# Selecting a Capo



## sitka.bc (Apr 14, 2018)

Hey all,

I'm searching for a new capo. I currently use the Planet Waves polymer NS capo lite. I like that it's infinitely adjustable, but on my J-45, I find that it doesn't sound that great above the 3rd fret. The tone gets really thin and bright. Could be the shorter scale length of the J-45. 

I was wondering if the material used for the capo that contacts the strings makes much of a difference. Mine is just a hard piece of plastic.


----------



## jbealsmusic (Feb 12, 2014)

sitka.bc said:


> Hey all,
> 
> I'm searching for a new capo. I currently use the Planet Waves polymer NS capo lite. I like that it's infinitely adjustable, but on my J-45, I find that it doesn't sound that great above the 3rd fret. The tone gets really thin and bright. Could be the shorter scale length of the J-45.
> 
> I was wondering if the material used for the capo that contacts the strings makes much of a difference. Mine is just a hard piece of plastic.


The material shouldn't make any difference since the fret is where the string stops vibrating, not at the capo itself. The culprit is some combination of the type of fret material, fretboard material, string composition, string gauge (and age), scale length, and body shape/composition. I'd imagine the scale length and body shape/composition as being most significant factors.

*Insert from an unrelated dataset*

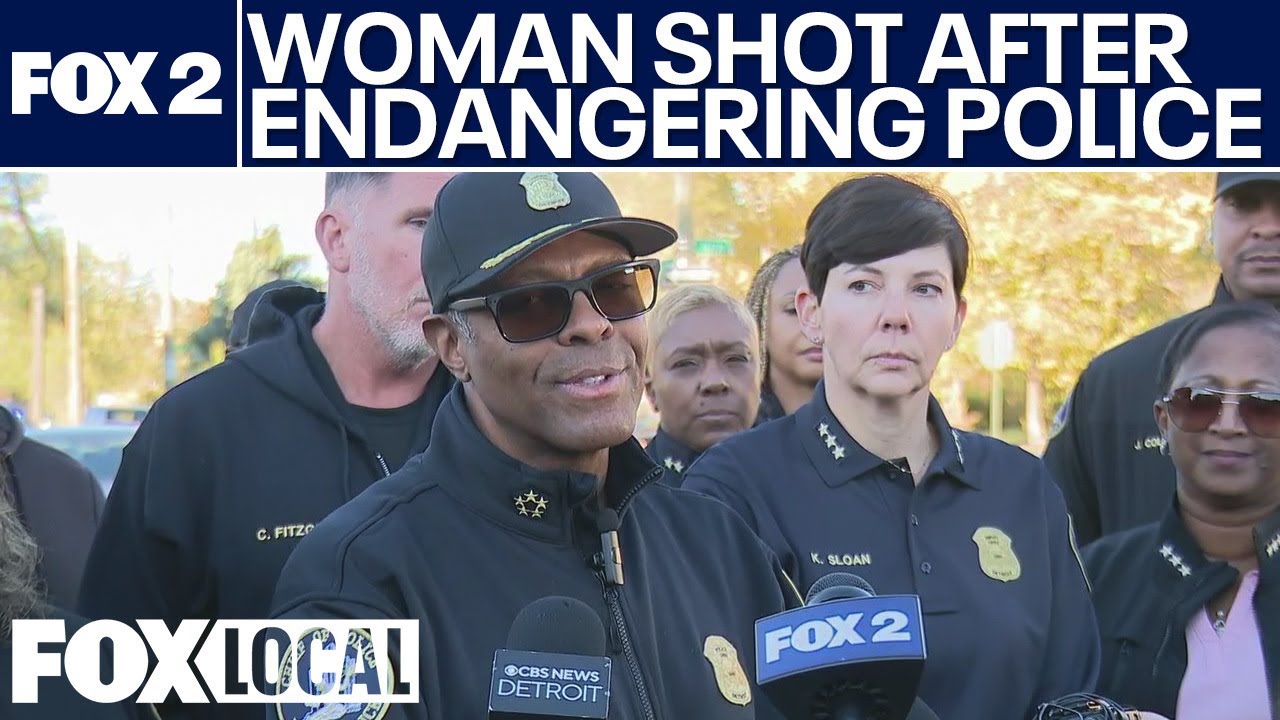 Woman shot after threatening Detroit officer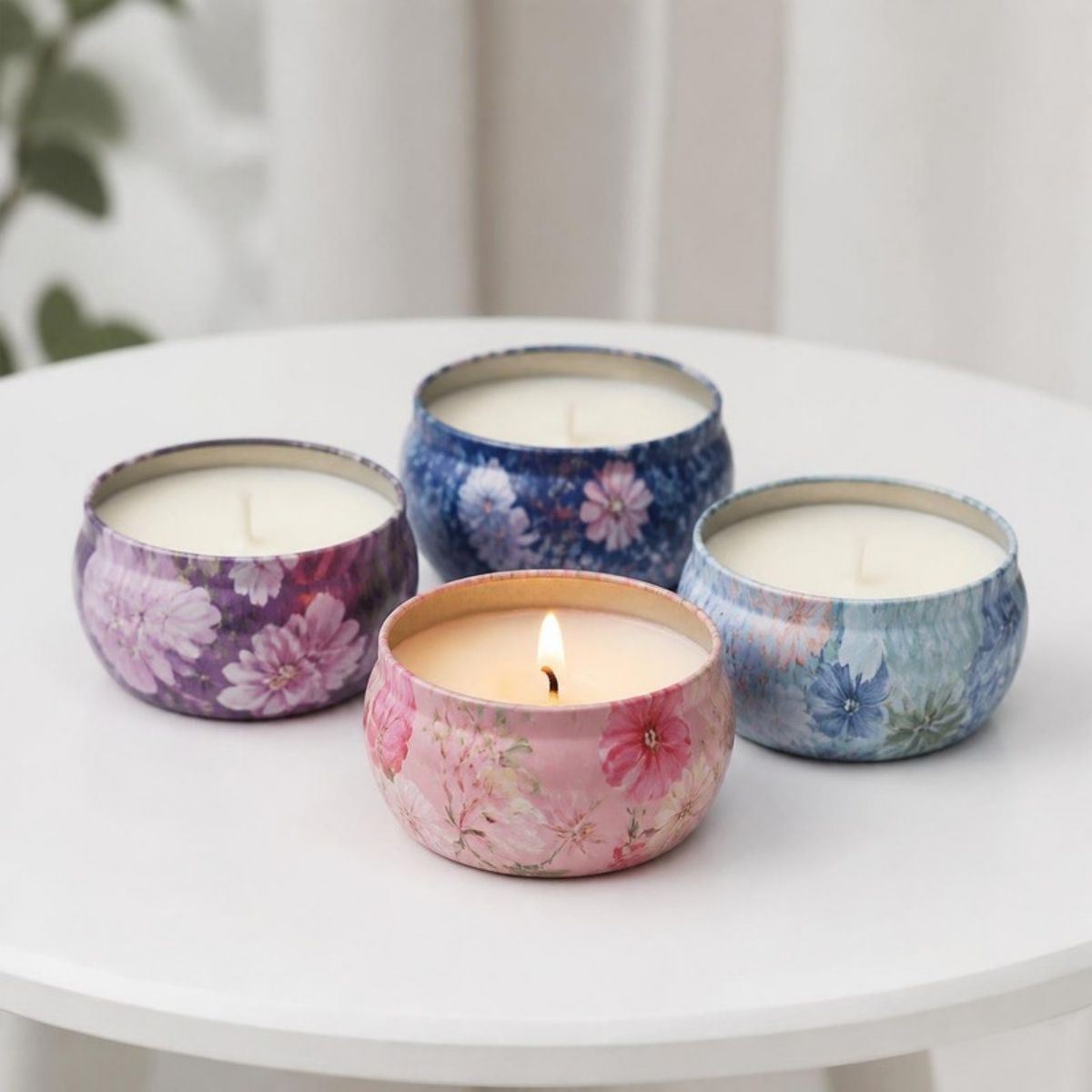 Four patterned candle tins in purple, blue and pink, one lit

Thicker/darker strings might help, but there isn't much you can do beyond that.


----------



## Steadfastly (Nov 14, 2008)

sitka.bc said:


> Hey all,
> 
> I'm searching for a new capo. I currently use the Planet Waves polymer NS capo lite. I like that it's infinitely adjustable, but on my J-45, I find that it doesn't sound that great above the 3rd fret. The tone gets really thin and bright. Could be the shorter scale length of the J-45.
> 
> *I was wondering if the material used for the capo that contacts the strings makes much of a difference*. Mine is just a hard piece of plastic.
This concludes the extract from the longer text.